We did not find a beneficial effect on costs. A major reason is our low hospitalization rate, as hospitalization dominates the costs in AGE management. Nurse-guided patient assessment and treatment in the intervention group suggest that patient flow can be managed more efficiently. Sensitivity analysis on the reduction of doctor’s consultation time by 50% showed a reduction of costs by 3% (12 euro). Although this estimation is hypothetical, this might imply lower costs due to a reallocation of tasks as already described in emergency medicine, HIV care, and mental health care [2, 6, 7, 9].

Strength and limitations

The main strength of this study is a randomized clinical trial on the impact of a clinical decision support system in pediatric emergency care. Impact analysis completes the final step in the translation process of clinical decision rules to routine practice [20]. We applied the decision support system in an electronic environment enabling easy access in routine practice and easy adaptation by other EDs.

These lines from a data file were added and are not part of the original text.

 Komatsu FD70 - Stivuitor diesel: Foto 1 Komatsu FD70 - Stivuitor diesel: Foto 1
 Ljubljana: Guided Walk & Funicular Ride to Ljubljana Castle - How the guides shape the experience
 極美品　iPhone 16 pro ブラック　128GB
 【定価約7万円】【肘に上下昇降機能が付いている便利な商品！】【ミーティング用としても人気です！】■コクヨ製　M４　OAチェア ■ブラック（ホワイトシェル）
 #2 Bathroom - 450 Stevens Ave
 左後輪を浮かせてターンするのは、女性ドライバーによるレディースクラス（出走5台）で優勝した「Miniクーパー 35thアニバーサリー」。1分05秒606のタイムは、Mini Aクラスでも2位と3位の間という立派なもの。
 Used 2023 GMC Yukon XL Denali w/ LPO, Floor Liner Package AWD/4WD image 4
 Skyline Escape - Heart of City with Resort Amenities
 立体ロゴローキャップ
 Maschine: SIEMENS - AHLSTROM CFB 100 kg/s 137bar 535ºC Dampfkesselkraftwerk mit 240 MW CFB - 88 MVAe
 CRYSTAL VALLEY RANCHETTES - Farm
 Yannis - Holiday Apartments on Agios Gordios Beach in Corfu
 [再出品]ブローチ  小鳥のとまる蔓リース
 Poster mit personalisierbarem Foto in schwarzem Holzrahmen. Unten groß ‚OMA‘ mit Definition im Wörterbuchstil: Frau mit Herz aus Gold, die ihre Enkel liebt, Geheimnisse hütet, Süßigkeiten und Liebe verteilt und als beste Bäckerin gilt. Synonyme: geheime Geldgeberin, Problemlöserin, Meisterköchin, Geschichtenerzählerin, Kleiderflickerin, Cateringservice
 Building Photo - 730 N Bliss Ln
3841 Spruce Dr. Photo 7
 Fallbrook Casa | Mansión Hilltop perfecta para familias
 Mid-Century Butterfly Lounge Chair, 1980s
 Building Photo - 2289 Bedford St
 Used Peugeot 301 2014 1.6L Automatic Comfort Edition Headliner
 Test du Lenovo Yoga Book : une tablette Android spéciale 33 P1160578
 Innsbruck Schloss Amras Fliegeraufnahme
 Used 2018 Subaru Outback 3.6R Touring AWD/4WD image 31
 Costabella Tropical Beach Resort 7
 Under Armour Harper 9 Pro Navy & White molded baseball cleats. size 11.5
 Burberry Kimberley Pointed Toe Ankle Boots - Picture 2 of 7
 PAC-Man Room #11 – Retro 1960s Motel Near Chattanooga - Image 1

One of our limitations is the absence of inclusion criteria based on strict signs and symptoms. Rather, we aimed for a pragmatic approach, including children with vomiting and/or diarrhea in the absence of another clear infectious focus, instead of using a strict definition based on signs and symptoms [13]. Secondly, despite our best efforts, we could not recruit the calculated number of patients. During the study period, we observed no epidemic of acute gastroenteritis. Also, we were confronted with higher than anticipated exclusion rates for serious co-morbidity as well as a high number of non-included eligible patients. Hence, we abandoned our envisioned primary endpoint and recalculated power for length of stay at the ED (LOS). One could argue that our main outcome measure LOS is subject to influence of other factors, such as admission method, discharge destination, provider (hospital) type, and specialty (acute vs non-acute). Especially, discharge destination and admission methods appeared important influencing factors [15]. As we observed hospitalization in only resp. 10 (8.8%) and 7 (6.4%) of all patients and all other patients are discharged for further treatment at home directly after finishing rehydration treatment, we think LOS was a valid outcome in our study. We expect that the presence of dedicated research personnel at the ED would have improved the whole research process, but especially the inclusion of eligible patients during crowding at the ED. Third, we could not evaluate impact on diagnosis due to failure of measurement of post ED weight. Fourth, the limited impact on (secondary) process outcome measures may be caused by the population of rather mildly dehydrated children, evaluated at a relative low-volume university hospital, and the high experienced medical and nursing staff in evaluating children. Although we proved a significant increase in appropriate use of ORS in our study, we expect larger impact also on process outcome measures in more severely dehydrated patients, or in settings with high volume or less experienced personnel.

Finally, 12 out of 25 children (48%) assigned to nasogastric route in the intervention group drank their ORS and therefore did not receive nasogastric tube. The decision support system may induce excessive use of nasogastric route. This result highlights the moderate validity of the clinical decision support system and the risks associated with the indiscriminate use of the system. The clinical decision support system must therefore be considered only as an additional tool and should not replace common sense.

Conclusion

Implementation of a nurse-guided clinical decision support system on rehydration treatment in children with AGE showed high compliance and an increase standardized use of ORS, without differences the number of diagnostic tests, LOS, revisits, and hospitalization or costs.